Di gudang milik warga Desa Sambirejo, Kecamatan Wonosalam, Jombang itu ada sekitar 12 drum yang siap dipanen setiap bulannya. Tentu saja Samsiran sengaja menyimpannya, karena ini merupakan trobosan barunya dalam mengolah kopi asli Wonosalam.
Kopi-kopi tersebut sedang menjalani proses fermentasi, tetapi bukan fermentasi luwak yang sudah lumrah dilakukan oleh para produsen kopi. Dengan cara berbeda ini, Samsiran ingin membuat kopi dengan aroma dan cita rasa lokal.

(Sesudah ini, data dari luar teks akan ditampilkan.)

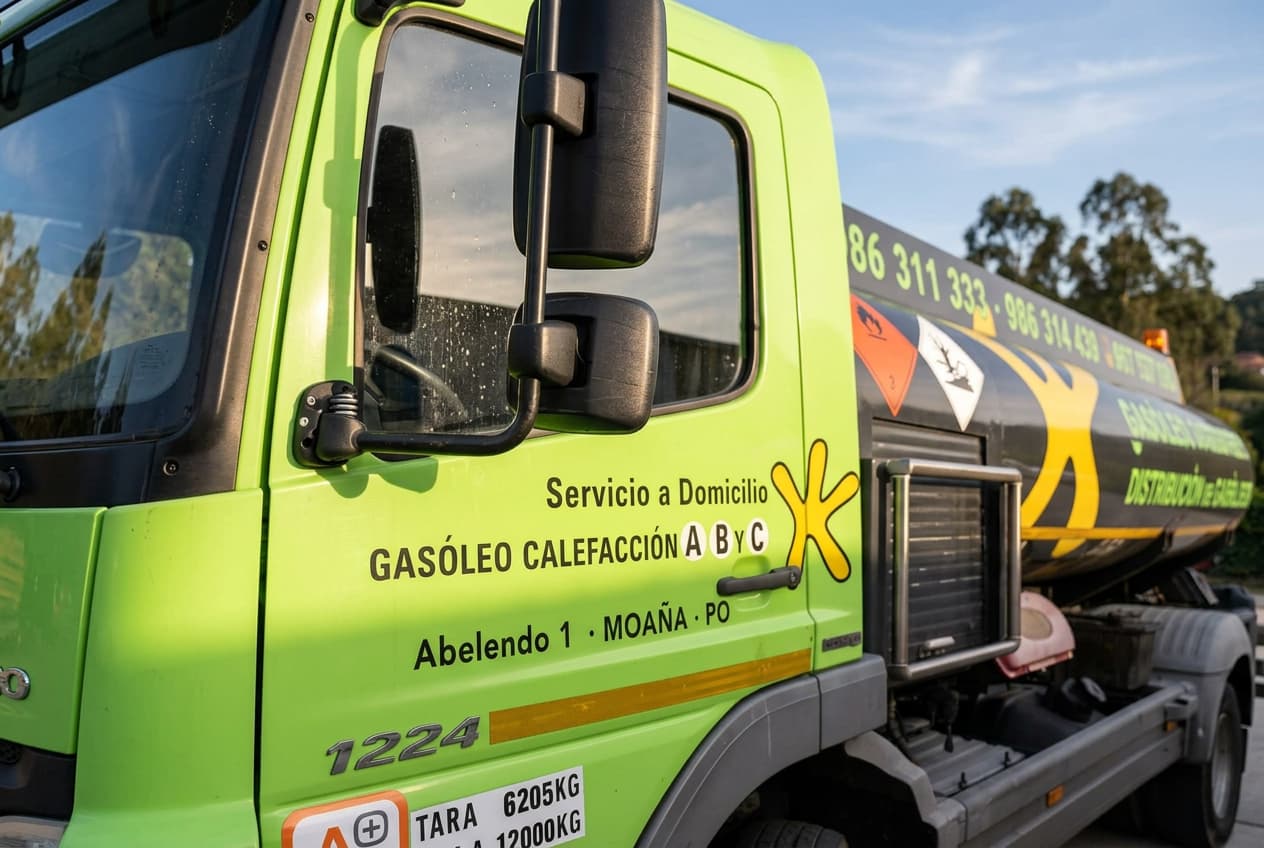 Pide tu gasóleo a domicilio en Pontevedra y recíbelo enseguida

“Biji kopi saya rendam di dalam drum berisi air madu dan kemudian didiamkan minimal selama tujuh bulan,” kata Samsiran kepada Bacaini.id, Senin, 19 September 2022.
Pria berusia 58 tahun itu mengaku ide tersebut muncul dari kebiasaan nenek moyangnya yang hidup diera jajahan Belanda. Pada saat itu, biji kopi direndam menggunakan cucian air beras di dalam gentong selama berbulan-bulan.
Tidak hanya memiliki rasa dan aroma yang khas, proses perendaman biji kopi dapat mengurangi kadar kafein pada kopi. Kebiasaan itulah yang ingin kembali dilestarikan oleh Samsiran.
“Biar generasi sekarang juga merasakan sensasi menikmati kopi yang berbeda ini,” imbuhnya.
Untuk proses produksi, dia menggunakan hasil panen biji kopi yang ditanam di kebun miliknya. Begitu juga dengan madu, Samsiran sendiri selama ini memang memiliki usaha budidaya tawon madu.
Setiap kali panen, Samsiran memang sengaja menyimpan dulu biji kopi di dalam gudang untuk diproduksi secara bertahap sekaligus dalam jumlah banyak. Proses produksi kopi yang disebut kopi bacem ini juga tidak sulit.
Pria yang merupakan pensiunan guru ini menjelaskan biji kopi dan madu ditimbang sesuai takaran. Kemudian kedua bahan itu dicampur dengan air di dalam drum. Selanjutnya diaduk sampai rata, ditutup rapat dan dibiarkan selama kurang lebih tujuh bulan.
Hasil fermentasi kopi bacem ini akan tampak berwarna kecoklatan dengan perpaduan aroma khas kopi dan juga madu. Setelah ditiriskan, kopi bacem ini kemudian dijemur di bawah terik matahari.
“Saat dijemur, aromanya saja sudah beda dengan kopi original. Apalagi saat diseduh, aroma kopi bacem ini lebih kuat daripada kopi biasa,” ujar Samsiran berpromosi.
Selain menawarkan kopi rendah kafein, rasa kopi exelsa dengan ciri khas asam berpadu dengan manisnya madu, kopi bacem buatan Samsiran langsung mendapat hati konsumen. Bahkan sejak pertama kali dipasarkan.
Sampai saat ini kopi bacem sudah menjangkau pasaran di sejumlah daerah di Jawa Timur, Jawa Tengah hingga DKI Jakarta. Tidak heran jika setiap satu bulan, Samsiran mampu menghabiskan hampir setengah kwintal kopi bacem.
“Kalau harga memang lebih mahal sekitar lima kali lipat daei kopi biasa. Satu kilogram bisa dijual dengan harga Rp250.000, tergantung kemasannya,” pungkasnya.